There’s a change taking place at the University of Georgia-Griffin Campus. And, while much of the change centers around the $10 million Student Learning Center that was funded by the 2005 SPLOST (Special Purpose Local Option Sales Tax), the 33,000-square-foot classroom building is only a visual manifestation of something greater.
“It’s a historic change for the campus, university and this community,” said Gerald Arkin, assistant dean and assistant provost of the University of Georgia-Griffin campus, as he went on to explain that the campus has always been a university and because of congressional legislation was known as the Experiment Station. “A transformation is taking place. One hundred twenty years ago, people were pretty much agrarian — you grew crops that you ate or sold. It was a rural community and the research back then was to find out which crops grew best and how to grow the crops. Things have changed markedly, but we still do agriculture research and that agriculture research is under the umbrella of the Experiment Station. You also want to deliver information and that’s the Extension Service that does outreach.”

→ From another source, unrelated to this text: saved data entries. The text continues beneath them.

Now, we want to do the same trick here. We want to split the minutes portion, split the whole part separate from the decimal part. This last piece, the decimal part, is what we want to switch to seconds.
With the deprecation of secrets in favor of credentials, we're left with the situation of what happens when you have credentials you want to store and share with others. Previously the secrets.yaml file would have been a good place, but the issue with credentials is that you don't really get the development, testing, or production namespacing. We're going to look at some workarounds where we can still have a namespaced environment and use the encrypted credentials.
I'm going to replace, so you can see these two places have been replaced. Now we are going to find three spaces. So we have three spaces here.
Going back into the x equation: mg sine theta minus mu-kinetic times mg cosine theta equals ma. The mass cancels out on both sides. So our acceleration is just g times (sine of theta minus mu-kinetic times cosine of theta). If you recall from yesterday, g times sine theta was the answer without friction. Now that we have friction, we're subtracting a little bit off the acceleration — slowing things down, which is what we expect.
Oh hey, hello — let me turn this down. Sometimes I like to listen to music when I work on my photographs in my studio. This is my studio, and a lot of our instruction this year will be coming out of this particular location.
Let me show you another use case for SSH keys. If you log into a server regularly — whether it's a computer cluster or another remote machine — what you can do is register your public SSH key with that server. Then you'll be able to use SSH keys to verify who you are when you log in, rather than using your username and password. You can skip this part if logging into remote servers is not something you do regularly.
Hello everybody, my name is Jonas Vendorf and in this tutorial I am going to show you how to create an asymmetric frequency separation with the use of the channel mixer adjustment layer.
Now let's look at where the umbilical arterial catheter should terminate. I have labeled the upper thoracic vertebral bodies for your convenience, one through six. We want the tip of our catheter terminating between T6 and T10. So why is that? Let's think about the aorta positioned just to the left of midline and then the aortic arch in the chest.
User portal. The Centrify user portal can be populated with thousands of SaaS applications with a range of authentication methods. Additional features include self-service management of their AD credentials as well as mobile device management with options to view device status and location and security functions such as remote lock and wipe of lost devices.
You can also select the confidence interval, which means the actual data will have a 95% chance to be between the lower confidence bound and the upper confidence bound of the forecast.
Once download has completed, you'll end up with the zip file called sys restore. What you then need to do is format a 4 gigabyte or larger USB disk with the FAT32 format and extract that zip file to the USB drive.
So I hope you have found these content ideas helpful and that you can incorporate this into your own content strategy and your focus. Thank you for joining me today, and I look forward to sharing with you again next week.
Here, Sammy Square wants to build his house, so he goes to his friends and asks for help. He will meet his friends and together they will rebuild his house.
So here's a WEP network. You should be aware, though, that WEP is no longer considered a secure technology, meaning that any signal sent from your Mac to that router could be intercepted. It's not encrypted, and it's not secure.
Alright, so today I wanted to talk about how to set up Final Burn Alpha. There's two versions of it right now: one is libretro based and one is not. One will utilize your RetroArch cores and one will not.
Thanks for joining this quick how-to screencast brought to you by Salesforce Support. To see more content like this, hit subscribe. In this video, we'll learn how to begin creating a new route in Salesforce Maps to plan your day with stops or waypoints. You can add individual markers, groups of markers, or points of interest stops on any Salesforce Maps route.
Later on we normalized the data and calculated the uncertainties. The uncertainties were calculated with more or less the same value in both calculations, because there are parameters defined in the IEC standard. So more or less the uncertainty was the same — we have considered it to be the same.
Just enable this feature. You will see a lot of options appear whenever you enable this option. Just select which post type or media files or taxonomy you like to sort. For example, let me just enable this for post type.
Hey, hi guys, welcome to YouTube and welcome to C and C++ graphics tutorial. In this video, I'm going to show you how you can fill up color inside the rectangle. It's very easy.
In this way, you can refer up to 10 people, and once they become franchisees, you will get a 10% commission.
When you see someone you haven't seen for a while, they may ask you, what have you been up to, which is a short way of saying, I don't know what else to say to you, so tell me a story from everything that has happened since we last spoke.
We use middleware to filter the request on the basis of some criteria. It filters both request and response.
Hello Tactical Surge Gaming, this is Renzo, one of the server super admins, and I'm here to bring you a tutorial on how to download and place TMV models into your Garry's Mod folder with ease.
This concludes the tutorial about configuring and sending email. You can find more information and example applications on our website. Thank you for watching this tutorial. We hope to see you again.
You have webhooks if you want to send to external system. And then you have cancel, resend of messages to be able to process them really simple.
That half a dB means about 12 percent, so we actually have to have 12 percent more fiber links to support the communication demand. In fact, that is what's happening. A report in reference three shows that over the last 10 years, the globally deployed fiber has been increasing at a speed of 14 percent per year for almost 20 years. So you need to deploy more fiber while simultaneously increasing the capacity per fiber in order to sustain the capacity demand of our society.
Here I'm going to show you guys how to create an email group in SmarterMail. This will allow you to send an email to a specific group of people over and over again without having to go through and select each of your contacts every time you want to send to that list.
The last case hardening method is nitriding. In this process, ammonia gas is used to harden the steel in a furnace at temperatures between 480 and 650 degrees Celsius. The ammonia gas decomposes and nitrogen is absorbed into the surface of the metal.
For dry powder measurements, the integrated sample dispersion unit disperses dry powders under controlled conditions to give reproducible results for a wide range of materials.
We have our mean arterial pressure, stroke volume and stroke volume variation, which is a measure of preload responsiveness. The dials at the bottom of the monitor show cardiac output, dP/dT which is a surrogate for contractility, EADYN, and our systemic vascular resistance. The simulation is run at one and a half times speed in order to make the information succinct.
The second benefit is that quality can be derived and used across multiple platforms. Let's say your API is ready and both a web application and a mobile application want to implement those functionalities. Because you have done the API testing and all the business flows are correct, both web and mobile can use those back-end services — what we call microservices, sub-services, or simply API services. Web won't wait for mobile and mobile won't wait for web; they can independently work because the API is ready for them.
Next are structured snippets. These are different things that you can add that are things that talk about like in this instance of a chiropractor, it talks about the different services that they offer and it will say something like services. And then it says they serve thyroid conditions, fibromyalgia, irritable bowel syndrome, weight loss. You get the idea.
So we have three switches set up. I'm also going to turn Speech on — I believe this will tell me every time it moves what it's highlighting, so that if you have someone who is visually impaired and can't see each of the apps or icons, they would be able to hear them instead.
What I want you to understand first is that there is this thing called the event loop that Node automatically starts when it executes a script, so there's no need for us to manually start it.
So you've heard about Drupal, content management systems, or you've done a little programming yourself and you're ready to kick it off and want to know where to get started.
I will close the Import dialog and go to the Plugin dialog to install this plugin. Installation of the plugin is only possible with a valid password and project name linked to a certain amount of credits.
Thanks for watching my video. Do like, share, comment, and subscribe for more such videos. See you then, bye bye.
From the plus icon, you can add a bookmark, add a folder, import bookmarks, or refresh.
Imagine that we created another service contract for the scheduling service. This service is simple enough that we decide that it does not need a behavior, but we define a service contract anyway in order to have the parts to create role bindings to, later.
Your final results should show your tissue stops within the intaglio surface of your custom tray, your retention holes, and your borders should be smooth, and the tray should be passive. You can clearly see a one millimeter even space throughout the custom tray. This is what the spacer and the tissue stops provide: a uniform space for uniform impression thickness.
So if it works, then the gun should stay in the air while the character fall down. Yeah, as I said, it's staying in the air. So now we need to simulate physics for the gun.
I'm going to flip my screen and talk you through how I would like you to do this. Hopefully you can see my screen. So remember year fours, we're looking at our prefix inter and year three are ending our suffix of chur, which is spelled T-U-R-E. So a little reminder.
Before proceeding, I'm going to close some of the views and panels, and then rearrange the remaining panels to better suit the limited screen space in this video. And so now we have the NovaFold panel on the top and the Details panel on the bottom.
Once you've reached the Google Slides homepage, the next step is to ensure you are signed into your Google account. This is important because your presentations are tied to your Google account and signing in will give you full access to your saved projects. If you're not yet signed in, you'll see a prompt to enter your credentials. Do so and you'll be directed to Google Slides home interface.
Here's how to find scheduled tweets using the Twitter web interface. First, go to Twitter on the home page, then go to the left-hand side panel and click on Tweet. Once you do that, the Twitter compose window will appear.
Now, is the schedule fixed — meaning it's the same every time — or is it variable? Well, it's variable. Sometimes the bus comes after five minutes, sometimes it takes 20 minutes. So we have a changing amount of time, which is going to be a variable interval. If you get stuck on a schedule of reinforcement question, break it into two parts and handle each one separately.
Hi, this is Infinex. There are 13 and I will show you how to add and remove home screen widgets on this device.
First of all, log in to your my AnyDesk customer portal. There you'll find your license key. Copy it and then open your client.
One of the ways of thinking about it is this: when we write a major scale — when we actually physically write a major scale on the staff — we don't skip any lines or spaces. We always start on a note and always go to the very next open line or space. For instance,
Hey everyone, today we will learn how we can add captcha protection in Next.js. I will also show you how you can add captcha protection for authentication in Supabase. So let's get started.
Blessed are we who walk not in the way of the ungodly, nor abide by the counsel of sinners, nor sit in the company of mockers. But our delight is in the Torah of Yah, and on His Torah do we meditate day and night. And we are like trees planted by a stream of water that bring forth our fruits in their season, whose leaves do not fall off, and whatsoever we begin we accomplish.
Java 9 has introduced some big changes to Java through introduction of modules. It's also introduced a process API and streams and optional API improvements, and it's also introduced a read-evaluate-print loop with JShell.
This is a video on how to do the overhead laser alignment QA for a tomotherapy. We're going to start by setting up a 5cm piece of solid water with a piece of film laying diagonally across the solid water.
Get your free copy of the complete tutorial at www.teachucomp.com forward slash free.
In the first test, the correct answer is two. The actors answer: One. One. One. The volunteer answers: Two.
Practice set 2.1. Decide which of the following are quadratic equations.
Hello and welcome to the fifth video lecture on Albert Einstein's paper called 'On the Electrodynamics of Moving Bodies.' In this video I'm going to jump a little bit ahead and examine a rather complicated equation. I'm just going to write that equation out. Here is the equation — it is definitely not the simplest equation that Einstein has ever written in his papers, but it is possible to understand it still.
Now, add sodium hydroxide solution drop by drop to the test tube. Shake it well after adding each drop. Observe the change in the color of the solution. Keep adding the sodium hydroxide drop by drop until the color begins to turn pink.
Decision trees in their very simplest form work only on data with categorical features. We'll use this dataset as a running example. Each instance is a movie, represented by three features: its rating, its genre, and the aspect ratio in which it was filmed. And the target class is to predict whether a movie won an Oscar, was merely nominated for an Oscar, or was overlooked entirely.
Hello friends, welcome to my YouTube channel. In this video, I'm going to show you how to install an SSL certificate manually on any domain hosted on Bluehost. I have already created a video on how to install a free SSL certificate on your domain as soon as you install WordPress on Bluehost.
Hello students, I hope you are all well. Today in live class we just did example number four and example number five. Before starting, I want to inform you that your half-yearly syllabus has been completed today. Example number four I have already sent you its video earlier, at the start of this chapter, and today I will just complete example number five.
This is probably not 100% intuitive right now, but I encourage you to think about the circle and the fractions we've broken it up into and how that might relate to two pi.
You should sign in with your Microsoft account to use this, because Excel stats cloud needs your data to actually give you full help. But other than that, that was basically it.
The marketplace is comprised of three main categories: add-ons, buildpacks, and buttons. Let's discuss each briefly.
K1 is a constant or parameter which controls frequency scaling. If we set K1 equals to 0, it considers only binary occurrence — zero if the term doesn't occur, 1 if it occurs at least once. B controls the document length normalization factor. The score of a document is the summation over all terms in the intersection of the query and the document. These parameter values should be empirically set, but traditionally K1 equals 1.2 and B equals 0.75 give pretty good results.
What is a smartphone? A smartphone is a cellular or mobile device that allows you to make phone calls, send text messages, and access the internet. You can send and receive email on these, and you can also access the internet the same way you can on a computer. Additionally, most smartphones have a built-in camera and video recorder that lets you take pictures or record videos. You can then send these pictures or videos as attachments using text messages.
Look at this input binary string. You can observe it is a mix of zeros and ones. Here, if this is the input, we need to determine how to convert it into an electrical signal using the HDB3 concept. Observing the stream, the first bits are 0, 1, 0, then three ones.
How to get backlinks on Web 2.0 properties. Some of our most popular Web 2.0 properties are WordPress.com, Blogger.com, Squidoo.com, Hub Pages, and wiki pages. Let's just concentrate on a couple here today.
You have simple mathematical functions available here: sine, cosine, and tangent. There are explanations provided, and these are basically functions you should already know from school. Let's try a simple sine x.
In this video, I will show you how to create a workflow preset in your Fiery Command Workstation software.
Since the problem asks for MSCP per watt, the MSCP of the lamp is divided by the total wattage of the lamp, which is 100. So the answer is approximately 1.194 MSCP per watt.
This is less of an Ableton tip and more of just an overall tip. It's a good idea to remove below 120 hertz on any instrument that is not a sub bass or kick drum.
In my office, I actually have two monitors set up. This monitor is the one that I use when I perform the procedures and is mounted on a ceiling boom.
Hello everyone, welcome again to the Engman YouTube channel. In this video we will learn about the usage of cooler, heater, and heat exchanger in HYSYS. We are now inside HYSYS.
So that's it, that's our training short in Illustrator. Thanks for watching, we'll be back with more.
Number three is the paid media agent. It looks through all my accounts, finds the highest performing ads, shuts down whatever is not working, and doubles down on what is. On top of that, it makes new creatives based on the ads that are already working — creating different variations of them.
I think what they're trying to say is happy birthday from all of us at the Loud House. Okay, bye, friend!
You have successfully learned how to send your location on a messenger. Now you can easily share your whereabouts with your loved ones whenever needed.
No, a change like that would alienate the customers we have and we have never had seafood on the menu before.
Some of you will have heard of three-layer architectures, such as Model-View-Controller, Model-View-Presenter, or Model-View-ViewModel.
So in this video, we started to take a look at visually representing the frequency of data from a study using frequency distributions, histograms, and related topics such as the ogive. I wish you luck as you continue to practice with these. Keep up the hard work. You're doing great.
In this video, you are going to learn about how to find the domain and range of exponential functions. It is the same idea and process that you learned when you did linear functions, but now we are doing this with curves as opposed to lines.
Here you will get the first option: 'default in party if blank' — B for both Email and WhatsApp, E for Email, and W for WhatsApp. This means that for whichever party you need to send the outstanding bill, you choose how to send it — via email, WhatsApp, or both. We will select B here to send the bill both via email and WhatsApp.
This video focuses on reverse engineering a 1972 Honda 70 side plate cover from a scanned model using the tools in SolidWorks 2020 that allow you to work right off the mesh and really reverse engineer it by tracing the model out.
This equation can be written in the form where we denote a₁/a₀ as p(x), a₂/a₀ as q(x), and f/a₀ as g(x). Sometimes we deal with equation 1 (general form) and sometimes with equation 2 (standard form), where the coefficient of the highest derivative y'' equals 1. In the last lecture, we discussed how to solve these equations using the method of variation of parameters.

What has changed is that UGA-Griffin is now offering degreed programs of the University of Georgia on the campus.
“That’s the distinguishing difference of the past 120 years,” Arkin said. “We are now offering all three parts of a land grant institution — research, outreach and teaching.”
And, all of the teaching programs are not under the College of Agriculture and Environmental Sciences, but also under the Franklin College of Arts and Sciences, The Terry School of Business, the College of Education and the College of Family and Consumer Sciences.
“You have a complete university campus,” Arkin said. “The community invested $10 million in a flagship university.”
Arkin sees the new Student Learning Center, which Physical Plant Superintendent Dale Hess says should be fundamentally complete in May and open for students in August, as the foundation for the future look of the almost 900-acre campus.
“All the future buildings will build off this theme and look,” Arkin said. “It graces the campus with the look of higher education. It looks like an academic building.”
But, getting that look of higher education has not been without its challenges and those challenges are far from over.
With only $50,000 of the $10 million designated for the Student Learning Center remaining, UGA-Griffin, for the second time, found itself in the position last week of going back to the Spalding County Board of Commissioners and requesting additional funding because of construction overruns.
“Once we got the building underway, we found out the costs of the building would be more than the $10 million,” Arkin said. “There was a period when the costs of materials and supplies skyrocketed.”
So, the approach UGA-Griffin took was to value engineer the building.
“If the building had certain construction materials that were aesthetic, you downgraded those materials so they were as functional, but not as aesthetic,” Arkin said.
While commissioners agreed to the first request, which allowed for the construction of two chimneys and a cupola, they denied Arkin’s most recent request for $250,000 for landscape and hardscape items like shrubbery, sidewalks and an irrigation system.
Now, it’s time for Plan B.
“Our strategy is to come up with an overall landscaping plan that will accentuate the building and provide for the aesthetic needs to go along with the building,” Hess said. “We’re going to come up with what we would like to have. Then we will go back budgetarily and see what we can do.”
“If you want the building to be enticing, comfortable and give the students the ambience of studiousness, you do need trees and a place to sit down,” Arkin said. “When you come out of the building, you need some benches and appropriate walkways. That look is part of the philosophy for this campus. If you go to the University of Georgia-Athens Campus, it is a beautiful campus, almost like a botanical garden. The vision for this campus is to be nothing less than that. This building is a foundation building, not only to set the theme for the architecture, but also for the landscaping. So, you really do want it to be lovely.”
But, while university officials work through landscaping challenges, they also acknowledge the huge financial investment the community has made in the university.
“It’s been a partnership between the city, county and the university,” Arkin said. “It started 120 years ago and it’s still going on. I think the community and the university moved ahead together to get this off the ground. This movement by the community has helped give it the impetus so that now the university is bringing resources to the table for better infrastructure, roadways and parking.”
Arkin says he optimistic about the future of UGA-Griffin and its partnership with the community because a major university campus in Griffin will lead to more businesses, cultural venues, jobs and opportunities.
“That’s where we were. This is who we are and will be,” he said, pointing to an old mill across the street from the campus and then back to the architectural rendering of the Student Learning Center. “We went from growing cotton and developing the best quality seeds for cotton and textiles to now having degrees in business, degrees in education, science and food safety. We’re talking about a real transformation.”